Al filo de una lúgubre noche, arrinconado en desconsoladas reflexiones, salió al patio observó la caneca y de manera inmediata lo invadió un sentimiento de insoportable tristeza, la pintura naranja y blanca ya se había desgastado, en el cielo las nubes se filtraban bajas y cargadas, mezquinas ráfagas de luz caían perpendicularmente sobre la figura cilíndrica de metal. Durante tres segundos Marcos tuvo inmensos deseos de echarse a reír ruidosamente y repitió para sí mismo: “es el destino” pero al volver a la realidad, esa realidad de estar solo con el sarcófago de metal, tomó la decisión de librarse de su suplicio. Halló fuerzas de donde no las había para levantar la caneca, pero le fue imposible, buscó ayuda y para su fortuna un vendedor de frutas pasaba por allí con su carretilla en madera, Marcos no dudo en pedírsela prestada, al fin logró sacar la caneca de su casa, abandonándola muy cerca de allí, quizá el ojo observador de muchas personas le acompañaron en su trayecto.

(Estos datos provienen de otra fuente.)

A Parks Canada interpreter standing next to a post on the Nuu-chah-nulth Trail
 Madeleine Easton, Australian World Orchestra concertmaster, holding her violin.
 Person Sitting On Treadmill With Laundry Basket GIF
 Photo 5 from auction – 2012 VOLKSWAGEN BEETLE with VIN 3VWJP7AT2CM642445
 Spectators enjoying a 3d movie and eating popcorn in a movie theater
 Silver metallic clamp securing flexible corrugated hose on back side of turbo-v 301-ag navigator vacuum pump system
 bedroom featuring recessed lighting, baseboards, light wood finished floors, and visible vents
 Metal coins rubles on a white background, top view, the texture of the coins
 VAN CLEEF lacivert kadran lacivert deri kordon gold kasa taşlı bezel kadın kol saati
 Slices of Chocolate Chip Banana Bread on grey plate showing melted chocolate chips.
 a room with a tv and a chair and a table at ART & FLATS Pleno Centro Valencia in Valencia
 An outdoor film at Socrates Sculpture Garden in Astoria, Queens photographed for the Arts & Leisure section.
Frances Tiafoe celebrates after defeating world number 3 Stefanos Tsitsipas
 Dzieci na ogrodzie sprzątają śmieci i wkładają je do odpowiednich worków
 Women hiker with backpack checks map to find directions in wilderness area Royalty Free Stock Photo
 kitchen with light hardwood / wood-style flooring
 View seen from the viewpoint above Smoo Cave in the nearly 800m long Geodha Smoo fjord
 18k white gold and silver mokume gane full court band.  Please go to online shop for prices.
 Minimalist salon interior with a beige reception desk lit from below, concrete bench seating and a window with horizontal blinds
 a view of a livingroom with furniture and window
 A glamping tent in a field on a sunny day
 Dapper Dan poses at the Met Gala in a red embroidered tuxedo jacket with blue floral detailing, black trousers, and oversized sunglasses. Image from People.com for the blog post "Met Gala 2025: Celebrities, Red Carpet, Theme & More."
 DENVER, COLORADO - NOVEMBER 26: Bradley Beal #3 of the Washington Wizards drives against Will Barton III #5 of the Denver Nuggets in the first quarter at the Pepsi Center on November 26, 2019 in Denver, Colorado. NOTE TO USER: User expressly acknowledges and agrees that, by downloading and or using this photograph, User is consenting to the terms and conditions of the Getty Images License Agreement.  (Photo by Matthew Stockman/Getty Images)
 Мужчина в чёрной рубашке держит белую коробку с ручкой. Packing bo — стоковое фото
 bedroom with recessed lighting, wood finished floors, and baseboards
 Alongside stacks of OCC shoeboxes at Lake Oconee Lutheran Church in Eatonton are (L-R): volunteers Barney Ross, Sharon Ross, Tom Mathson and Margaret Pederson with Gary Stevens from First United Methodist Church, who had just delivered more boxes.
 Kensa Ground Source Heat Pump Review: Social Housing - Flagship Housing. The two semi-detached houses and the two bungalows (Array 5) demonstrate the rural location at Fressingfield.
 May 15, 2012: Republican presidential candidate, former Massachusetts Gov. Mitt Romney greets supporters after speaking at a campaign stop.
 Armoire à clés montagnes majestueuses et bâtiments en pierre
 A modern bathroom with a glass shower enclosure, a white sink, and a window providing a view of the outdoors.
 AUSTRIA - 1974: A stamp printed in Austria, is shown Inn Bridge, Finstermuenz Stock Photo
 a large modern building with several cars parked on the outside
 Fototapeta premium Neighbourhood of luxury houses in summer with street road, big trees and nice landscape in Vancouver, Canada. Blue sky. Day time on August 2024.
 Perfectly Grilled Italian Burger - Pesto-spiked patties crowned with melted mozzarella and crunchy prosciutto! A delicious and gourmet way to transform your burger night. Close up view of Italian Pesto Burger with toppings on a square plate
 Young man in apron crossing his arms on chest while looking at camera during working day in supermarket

Ya acostado en su cama volvió a escuchar los aterradores ruidos pero esta vez ausculta el espeluznante sonido de las latas rechinando, su corazón palpitaba como si hubiese corrido una carrera de doscientos metros, pero algo extraordinario sucedió, su esposa también escuchó los tormentosos ruidos, tanto así que asomó su frágil cabeza por la ventana atisbando la calle invadida de policías, al parecer el asqueroso olor hizo que la comunidad llamara a las autoridades. No pasaron ni diez minutos cuando la policía golpeo a la puerta, entonces Marcos abrió rápidamente y sin dejar pronunciar palabra al inspector dijo de manera tranquila: “En esa caneca se encuentra el cadáver mi mamá”.